Le petit-déjeuner du lendemain, décidé la veille
Avant de me coucher, je décide où je vais prendre mon petit-déjeuner le lendemain, même approximativement. Ce n’est pas une question de gourmandise, c’est une question de rythme. Un petit-déjeuner improvisé, cherché au dernier moment dans une ville qu’on ne connaît pas, peut prendre trente minutes de plus que prévu et déséquilibrer toute la matinée. Si le logement propose un petit-déjeuner, je regarde l’heure d’ouverture avant de m’endormir. Sinon, je repère mentalement, sur le trajet du dernier kilomètre dont j’ai parlé plus haut, une boulangerie ou un café ouvert tôt. Ce genre de décision prise la veille, dans le calme, évite de démarrer la journée fatigué et affamé en même temps, ce qui n’est jamais une bonne combinaison en voyage.
La lumière, souvent oubliée
Un dernier point que je vérifie systématiquement, c’est la lumière du matin. Certaines chambres, très agréables le soir, deviennent impossibles à cinq heures du matin quand le jour se lève trop tôt en été et que les rideaux ne bloquent rien. Je regarde l’orientation de la fenêtre, je teste les rideaux ou volets en les fermant complètement, et si la lumière passe encore, je sais qu’il faudra dormir avec quelque chose sur les yeux ou accepter un réveil plus tôt que prévu. Ce sont des détails que l’on ne remarque presque jamais en réservant une chambre en ligne, et qui pourtant pèsent lourd sur la qualité du sommeil la première nuit, celle où le corps est déjà fatigué par le trajet et où il a le plus besoin de bien dormir.
Un rituel court, pas une inspection
Tout ce que je viens de décrire prend en réalité moins de dix minutes. Ce n’est pas une inspection méthodique de chambre d’hôtel, c’est un tour rapide, presque automatique après des années, qui règle les quatre ou cinq points qui font vraiment la différence entre une bonne nuit et une nuit compliquée.

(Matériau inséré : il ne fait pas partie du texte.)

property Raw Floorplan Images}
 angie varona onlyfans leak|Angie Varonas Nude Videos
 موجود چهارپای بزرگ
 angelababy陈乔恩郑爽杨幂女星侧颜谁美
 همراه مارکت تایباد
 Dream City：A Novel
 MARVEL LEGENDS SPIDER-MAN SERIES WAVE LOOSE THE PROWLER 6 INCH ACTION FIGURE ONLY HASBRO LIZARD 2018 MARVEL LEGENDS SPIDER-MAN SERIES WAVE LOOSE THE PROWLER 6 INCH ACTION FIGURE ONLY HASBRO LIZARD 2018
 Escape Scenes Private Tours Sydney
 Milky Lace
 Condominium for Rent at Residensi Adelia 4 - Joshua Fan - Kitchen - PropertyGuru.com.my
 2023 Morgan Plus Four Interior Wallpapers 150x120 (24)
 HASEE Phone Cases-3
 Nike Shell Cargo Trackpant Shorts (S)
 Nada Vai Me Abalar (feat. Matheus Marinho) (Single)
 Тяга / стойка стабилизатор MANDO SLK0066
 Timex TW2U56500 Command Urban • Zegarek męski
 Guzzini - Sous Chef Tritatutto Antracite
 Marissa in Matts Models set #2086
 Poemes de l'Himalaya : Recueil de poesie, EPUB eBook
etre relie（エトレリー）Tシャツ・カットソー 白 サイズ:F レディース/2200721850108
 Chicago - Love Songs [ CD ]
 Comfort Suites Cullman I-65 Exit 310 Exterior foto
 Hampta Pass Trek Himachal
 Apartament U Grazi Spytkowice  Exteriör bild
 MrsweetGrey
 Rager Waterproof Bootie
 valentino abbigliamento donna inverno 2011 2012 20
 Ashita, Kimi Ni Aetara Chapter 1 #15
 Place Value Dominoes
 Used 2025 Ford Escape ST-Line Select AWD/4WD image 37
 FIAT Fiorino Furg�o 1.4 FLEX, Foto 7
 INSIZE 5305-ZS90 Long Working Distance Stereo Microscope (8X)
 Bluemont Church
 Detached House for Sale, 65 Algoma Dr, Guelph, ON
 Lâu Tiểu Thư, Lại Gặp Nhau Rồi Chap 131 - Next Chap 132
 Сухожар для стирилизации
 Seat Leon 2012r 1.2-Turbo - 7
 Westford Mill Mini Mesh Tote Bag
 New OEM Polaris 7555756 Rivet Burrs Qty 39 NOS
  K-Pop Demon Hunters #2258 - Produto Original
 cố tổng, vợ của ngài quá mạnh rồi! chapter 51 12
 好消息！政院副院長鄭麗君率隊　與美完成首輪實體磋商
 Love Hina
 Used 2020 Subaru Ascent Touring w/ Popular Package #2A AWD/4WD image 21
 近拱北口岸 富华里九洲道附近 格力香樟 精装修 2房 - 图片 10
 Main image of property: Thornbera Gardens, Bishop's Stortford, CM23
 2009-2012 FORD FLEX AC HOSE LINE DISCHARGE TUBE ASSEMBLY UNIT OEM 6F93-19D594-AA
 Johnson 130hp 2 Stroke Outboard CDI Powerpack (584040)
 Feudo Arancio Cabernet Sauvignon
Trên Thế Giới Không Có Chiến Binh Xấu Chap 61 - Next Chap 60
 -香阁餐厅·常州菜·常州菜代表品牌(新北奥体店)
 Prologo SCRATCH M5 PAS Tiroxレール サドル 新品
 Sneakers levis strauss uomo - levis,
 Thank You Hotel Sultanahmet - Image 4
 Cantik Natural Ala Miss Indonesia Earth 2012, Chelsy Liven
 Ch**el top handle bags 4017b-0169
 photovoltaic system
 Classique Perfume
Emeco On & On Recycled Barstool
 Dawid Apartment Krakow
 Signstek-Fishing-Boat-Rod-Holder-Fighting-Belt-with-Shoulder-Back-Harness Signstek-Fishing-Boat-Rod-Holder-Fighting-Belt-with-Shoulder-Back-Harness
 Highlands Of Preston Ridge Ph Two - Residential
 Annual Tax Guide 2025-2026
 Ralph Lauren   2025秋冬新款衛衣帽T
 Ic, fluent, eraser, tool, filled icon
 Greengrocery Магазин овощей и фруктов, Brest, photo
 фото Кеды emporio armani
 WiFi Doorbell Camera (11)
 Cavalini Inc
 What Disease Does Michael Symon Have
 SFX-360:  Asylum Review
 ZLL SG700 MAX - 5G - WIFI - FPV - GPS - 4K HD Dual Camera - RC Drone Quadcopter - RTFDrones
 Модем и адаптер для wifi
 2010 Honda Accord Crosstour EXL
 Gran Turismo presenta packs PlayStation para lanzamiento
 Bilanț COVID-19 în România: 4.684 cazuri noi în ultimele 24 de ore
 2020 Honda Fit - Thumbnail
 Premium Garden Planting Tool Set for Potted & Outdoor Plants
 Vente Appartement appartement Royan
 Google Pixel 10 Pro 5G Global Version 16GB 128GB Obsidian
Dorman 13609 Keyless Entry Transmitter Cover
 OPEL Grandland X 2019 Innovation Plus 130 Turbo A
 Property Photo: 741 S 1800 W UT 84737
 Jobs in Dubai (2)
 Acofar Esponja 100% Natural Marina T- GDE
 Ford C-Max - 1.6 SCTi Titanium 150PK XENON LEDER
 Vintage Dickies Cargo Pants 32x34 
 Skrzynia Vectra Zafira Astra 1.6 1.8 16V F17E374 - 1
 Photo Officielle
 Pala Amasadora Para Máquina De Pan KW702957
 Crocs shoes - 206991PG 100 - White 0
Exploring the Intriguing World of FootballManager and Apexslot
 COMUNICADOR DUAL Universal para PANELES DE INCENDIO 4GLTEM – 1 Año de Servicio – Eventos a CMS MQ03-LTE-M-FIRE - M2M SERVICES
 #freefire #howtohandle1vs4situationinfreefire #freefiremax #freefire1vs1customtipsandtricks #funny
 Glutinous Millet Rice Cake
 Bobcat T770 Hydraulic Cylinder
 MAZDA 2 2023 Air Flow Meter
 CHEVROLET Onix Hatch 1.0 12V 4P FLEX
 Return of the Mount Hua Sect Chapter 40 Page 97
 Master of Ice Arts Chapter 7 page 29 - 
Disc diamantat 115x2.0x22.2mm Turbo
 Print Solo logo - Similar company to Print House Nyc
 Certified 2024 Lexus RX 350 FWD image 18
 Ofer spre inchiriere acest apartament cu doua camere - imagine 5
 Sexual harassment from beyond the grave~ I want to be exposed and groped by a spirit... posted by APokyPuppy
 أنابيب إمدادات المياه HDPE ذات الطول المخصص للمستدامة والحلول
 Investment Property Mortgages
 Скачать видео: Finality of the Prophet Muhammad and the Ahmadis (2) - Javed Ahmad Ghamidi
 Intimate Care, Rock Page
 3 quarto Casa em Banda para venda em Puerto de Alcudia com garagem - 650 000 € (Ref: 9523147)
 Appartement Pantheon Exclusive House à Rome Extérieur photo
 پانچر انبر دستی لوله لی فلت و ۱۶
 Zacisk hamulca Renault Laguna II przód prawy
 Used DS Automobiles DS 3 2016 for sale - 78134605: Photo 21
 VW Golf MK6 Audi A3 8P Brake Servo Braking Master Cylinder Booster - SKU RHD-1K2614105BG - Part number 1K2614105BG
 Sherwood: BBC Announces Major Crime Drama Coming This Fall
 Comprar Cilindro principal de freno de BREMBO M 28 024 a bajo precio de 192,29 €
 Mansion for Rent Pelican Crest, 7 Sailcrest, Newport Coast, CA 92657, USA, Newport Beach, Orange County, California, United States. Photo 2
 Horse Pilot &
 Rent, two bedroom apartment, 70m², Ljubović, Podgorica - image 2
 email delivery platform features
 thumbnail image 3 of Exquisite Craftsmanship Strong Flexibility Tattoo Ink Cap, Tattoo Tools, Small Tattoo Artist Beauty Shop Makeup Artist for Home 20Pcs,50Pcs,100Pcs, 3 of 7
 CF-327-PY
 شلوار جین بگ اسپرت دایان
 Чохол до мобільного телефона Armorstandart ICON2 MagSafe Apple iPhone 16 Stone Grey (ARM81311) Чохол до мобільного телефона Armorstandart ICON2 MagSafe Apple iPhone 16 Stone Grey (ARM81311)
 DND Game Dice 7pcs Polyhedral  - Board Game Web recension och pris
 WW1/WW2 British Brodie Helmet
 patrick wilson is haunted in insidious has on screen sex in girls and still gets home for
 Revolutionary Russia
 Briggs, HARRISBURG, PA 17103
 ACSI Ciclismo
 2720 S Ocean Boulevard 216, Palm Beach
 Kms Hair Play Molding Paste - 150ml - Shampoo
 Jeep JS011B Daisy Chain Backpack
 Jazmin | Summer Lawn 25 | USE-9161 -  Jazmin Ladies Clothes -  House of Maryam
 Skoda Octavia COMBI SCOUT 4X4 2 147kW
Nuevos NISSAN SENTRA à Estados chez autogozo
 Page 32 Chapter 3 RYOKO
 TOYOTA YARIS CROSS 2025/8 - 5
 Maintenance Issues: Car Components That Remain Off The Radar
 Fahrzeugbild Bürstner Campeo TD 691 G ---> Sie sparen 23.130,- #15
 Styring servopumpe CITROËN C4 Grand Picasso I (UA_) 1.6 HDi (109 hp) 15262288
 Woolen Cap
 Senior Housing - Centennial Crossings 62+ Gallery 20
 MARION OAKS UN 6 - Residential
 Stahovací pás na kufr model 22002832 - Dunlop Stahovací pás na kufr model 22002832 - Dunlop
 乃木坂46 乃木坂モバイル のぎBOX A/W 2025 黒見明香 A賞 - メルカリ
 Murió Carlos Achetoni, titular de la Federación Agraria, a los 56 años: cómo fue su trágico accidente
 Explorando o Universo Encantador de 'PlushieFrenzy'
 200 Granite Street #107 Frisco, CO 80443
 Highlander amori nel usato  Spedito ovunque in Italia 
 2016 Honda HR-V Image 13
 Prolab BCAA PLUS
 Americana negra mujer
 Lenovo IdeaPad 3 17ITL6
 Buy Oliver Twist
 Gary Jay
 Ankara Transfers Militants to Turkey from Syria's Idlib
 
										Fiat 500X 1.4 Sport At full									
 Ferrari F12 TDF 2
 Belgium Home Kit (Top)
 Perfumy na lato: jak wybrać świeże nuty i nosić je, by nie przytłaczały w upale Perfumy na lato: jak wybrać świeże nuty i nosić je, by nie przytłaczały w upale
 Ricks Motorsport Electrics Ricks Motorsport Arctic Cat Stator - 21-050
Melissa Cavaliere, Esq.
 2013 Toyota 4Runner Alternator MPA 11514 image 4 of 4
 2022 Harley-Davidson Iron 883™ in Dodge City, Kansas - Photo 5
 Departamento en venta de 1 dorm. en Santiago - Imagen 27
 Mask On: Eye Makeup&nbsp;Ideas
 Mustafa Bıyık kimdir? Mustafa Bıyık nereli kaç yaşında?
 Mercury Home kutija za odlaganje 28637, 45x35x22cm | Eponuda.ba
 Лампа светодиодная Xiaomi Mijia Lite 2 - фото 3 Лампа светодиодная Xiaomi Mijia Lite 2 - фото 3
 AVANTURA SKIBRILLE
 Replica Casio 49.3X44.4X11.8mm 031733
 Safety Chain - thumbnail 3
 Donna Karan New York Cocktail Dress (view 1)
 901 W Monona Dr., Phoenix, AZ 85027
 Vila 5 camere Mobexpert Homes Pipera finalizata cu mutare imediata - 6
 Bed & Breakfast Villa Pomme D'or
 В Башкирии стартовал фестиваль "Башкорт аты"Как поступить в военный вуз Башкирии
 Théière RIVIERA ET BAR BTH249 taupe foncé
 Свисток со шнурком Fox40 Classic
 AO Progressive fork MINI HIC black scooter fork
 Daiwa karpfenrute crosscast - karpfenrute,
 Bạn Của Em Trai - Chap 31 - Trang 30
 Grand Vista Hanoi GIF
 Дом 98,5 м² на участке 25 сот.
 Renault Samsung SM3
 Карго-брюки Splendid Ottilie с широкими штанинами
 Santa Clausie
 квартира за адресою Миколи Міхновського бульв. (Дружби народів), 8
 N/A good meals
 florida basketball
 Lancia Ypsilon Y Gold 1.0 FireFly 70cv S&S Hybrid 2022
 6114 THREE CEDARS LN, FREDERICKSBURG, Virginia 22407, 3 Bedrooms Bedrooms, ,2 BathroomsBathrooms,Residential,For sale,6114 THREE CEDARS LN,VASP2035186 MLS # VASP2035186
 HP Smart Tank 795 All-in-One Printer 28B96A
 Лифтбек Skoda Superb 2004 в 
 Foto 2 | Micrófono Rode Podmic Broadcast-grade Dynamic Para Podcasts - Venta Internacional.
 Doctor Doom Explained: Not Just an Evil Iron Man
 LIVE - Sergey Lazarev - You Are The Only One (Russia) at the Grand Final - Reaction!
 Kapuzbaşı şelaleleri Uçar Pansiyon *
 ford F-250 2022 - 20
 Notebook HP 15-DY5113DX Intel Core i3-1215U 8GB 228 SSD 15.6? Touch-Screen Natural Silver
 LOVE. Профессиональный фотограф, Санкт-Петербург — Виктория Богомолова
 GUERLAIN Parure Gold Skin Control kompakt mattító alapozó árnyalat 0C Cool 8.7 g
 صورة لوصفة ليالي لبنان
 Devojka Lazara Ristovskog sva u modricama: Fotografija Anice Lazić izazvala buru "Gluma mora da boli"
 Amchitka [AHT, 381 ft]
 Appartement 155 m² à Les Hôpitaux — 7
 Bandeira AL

Le reste, la décoration, la vue, le style de la pièce, je le laisse de côté, parce que ce n’est jamais ce qui a empêché un client de bien dormir dans la maison que je tenais, ni ce qui m’a empêché moi-même de bien dormir depuis.
Ce que je fais quand quelque chose ne va pas
Il arrive, malgré ce petit tour d’installation, qu’un problème apparaisse quand même, un radiateur qui claque au milieu de la nuit, une porte de couloir qui grince à chaque passage, une lumière de sécurité qui reste allumée toute la nuit devant la fenêtre. Dans ce cas, je ne reste jamais allongé à espérer que ça s’arrange tout seul, une habitude héritée directement de mon ancien métier, où je savais qu’un client qui n’osait pas signaler un problème le soir passait ensuite une nuit blanche par simple politesse. Je me lève, je règle ce qui peut l’être moi-même, une serviette glissée sous une porte, un rideau redisposé autrement, ou je descends signaler le souci si un accueil est encore ouvert. Attendre jusqu’au matin pour se plaindre d’un problème qu’on aurait pu résoudre à onze heures du soir revient à sacrifier une nuit entière par simple lassitude, ce qui n’a jamais de sens sur un séjour court.